Let $G$ be an infinite, virtually cyclic group, i.e., $G$ has an infinite cyclic subgroup $H$ of finite index (or equivalently, it contains a finite index infinite cyclic normal subgroup $N$).
By a retract of $G$ I mean a subgroup $K$ of $G$ such that there exists a normal subgroup $L$ with $G=K\ltimes L$.
Question: Is there a finite bound on the indexes of infinite retracts of an infinite virtually cyclic group $G$?
What I've tried: Let $K$ be an infinite retract of $G$. By definition, there is a normal subgroup $L$ with $G=K\ltimes L$. I don't know how to show that $L$ is a finite subgroup of $G$. If so, then the index of $K$ in $G$ becomes finite. Since finite subgroups of $G$ have bounded order (in fact, the order of the finite quotient group $G/N$ is a finite bound on the orders of finite subgroups of $G$ (see here)), then its infinite retracts have finite bounded index.

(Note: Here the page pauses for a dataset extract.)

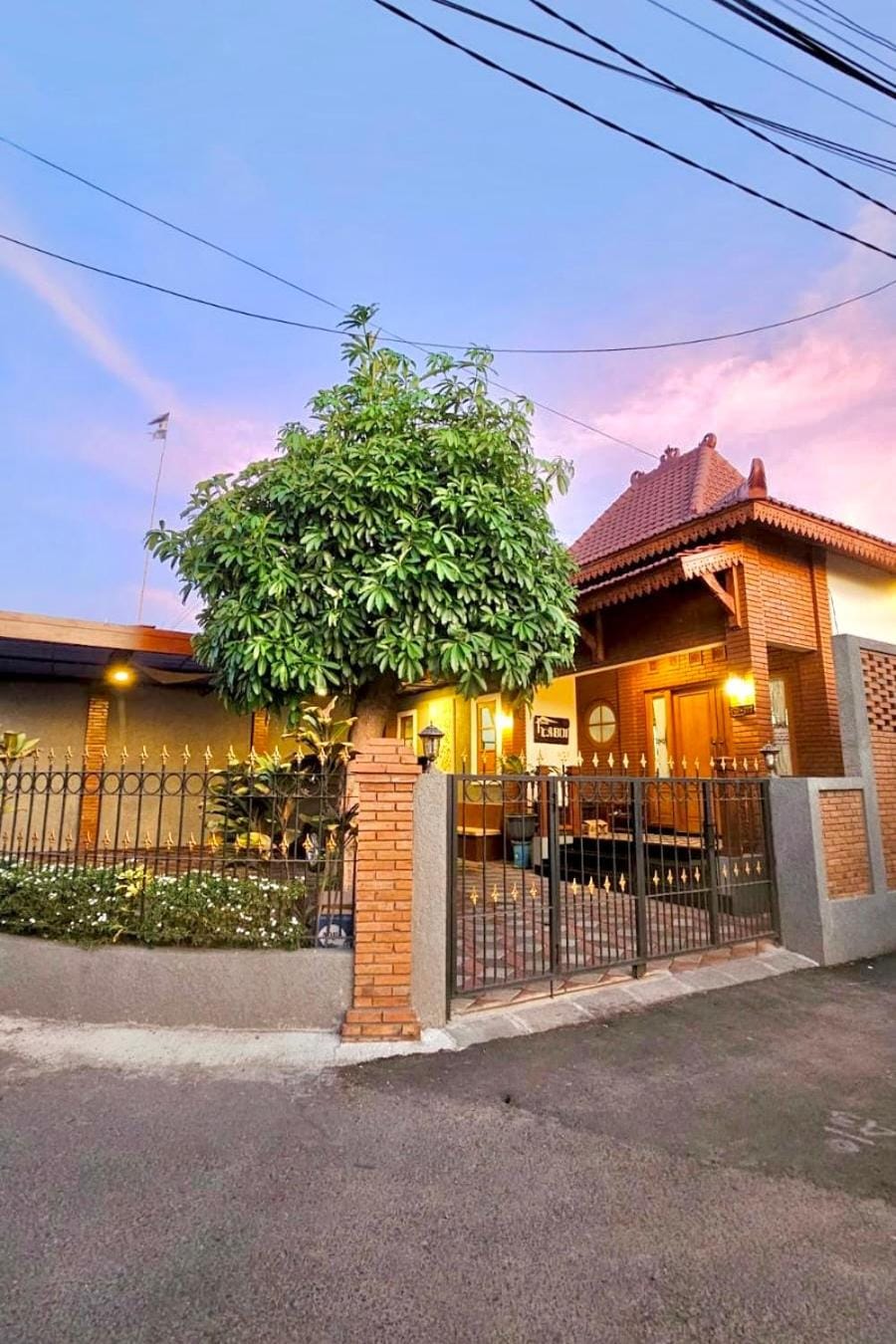 Property building, Facade/entrance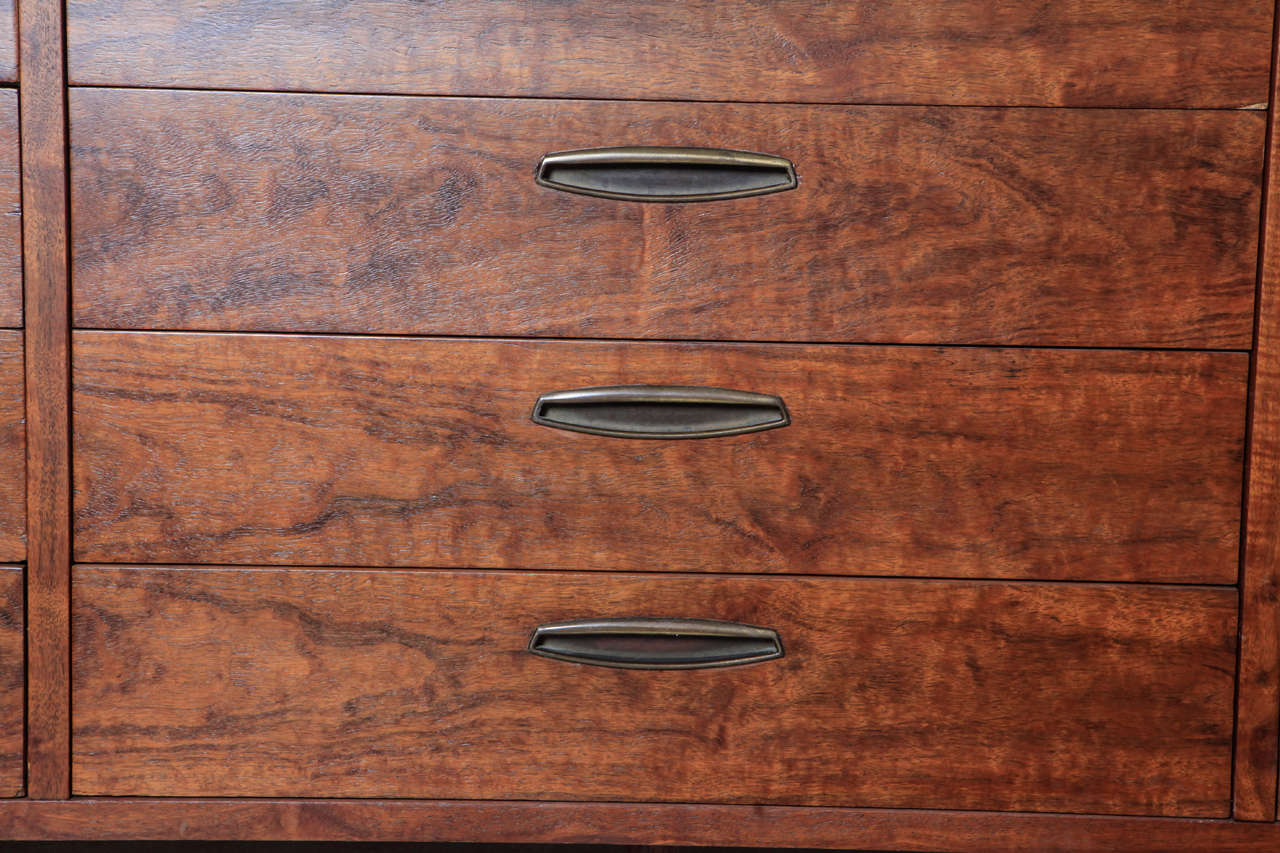 George Nakashima Dresser for Widdicomb In Excellent Condition For Sale In Nashville, TN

Suppose that $G$ is virtually cyclic with infinite cyclic normal subgroup $N$ and $|G:N|$ finite. Suppose also that $G = K \ltimes L$.
Now $|L:L \cap N| \le |G:N|$ is finite. So, if $L$ is infinite, then so is $L \cap N$, and hence $|N:L \cap N|$ is finite, and so $|G:L \cap N|$ is finite, and so $|G:L|$ is finite. But $G/L \cong K$, so $K$ is finite.
Hence, if $K$ is infinite, then $L$ must be finite.